50th St. Gallen Symposium "Freedom Revisited": 7–8 May 2020


All play and no work

What comes after the end of work? The optimistic answer to this question is that, if we did not have to work, we would spend our days bettering ourselves and our communities: reading philosophy, learning new skills, and increasing our understanding of the universe. Karl Marx envisaged that, in a non-capitalist system that doesn’t require specialisation of labour, each individual would have the freedom “to hunt in the morning, to fish in the afternoon, rear cattle in the evening, and philosophise after dinner”. Ironically, capitalist-driven technological advancement could offer the best route to turn this dream into reality.

An alternative vision is provided by dystopian science fiction writers.

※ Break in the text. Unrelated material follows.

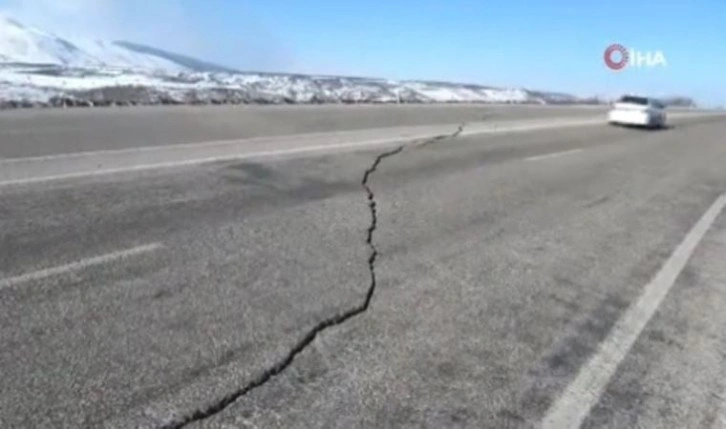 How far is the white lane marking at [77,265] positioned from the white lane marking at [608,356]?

In Brave New World, Aldous Huxley presents us with a society in which, while people still work, they spend their free time absorbed by frivolous entertainment. Technological advances today seem to be leading us in this direction. Improvements in virtual reality hold the possibility of creating entertainment experiences (it seems anachronistic to call them ‘video games’) which are more immersive, novel and enjoyable than we can now imagine.

We are left, then, with a question: What, if anything, is wrong with a life filled with distraction and hugely enjoyable simulations, compared to a life of learning and real world opportunities for growth? This is explored in a famous philosophical thought experiment, called the Experience Machine: Would you plug into a machine that gave you all the subjective experience of living a fulfilled, happy life?

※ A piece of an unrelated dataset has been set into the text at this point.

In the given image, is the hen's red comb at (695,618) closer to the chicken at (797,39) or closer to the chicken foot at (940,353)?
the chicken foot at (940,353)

What is more valuable about a life of hardship and difficulty spent in the ‘real’ world than one spent in harmless entertainment? This problem forces us to confront perhaps the oldest philosophical question of all time: What is to lead a good life? This is a question we must answer before, not after, the end of work.

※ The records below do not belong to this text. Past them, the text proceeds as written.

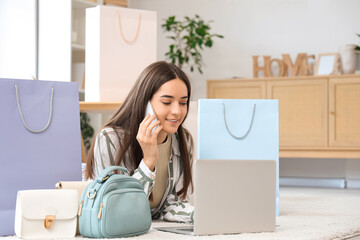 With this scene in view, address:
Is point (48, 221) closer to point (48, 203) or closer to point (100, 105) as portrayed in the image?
point (48, 203)

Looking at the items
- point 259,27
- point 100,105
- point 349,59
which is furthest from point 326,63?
point 100,105

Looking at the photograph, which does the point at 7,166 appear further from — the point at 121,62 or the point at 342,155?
the point at 342,155

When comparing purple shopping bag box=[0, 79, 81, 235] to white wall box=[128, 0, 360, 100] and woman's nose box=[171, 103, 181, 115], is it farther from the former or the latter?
white wall box=[128, 0, 360, 100]

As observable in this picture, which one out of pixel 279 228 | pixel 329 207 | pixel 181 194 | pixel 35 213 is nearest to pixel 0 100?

What is to lead a good life?


I think one of the problems is that society has been conditioned to divorce work from play, we find jobs to pay bills and cover our butts but never really tap into the dreams within us that we wish to accomplish. I think every human has dreams and visions and goals already placed inside of them, the issue is we have surpressed a lot of them through the way we have developed culture and control, a lot needs to change in order to "enjoy" work again.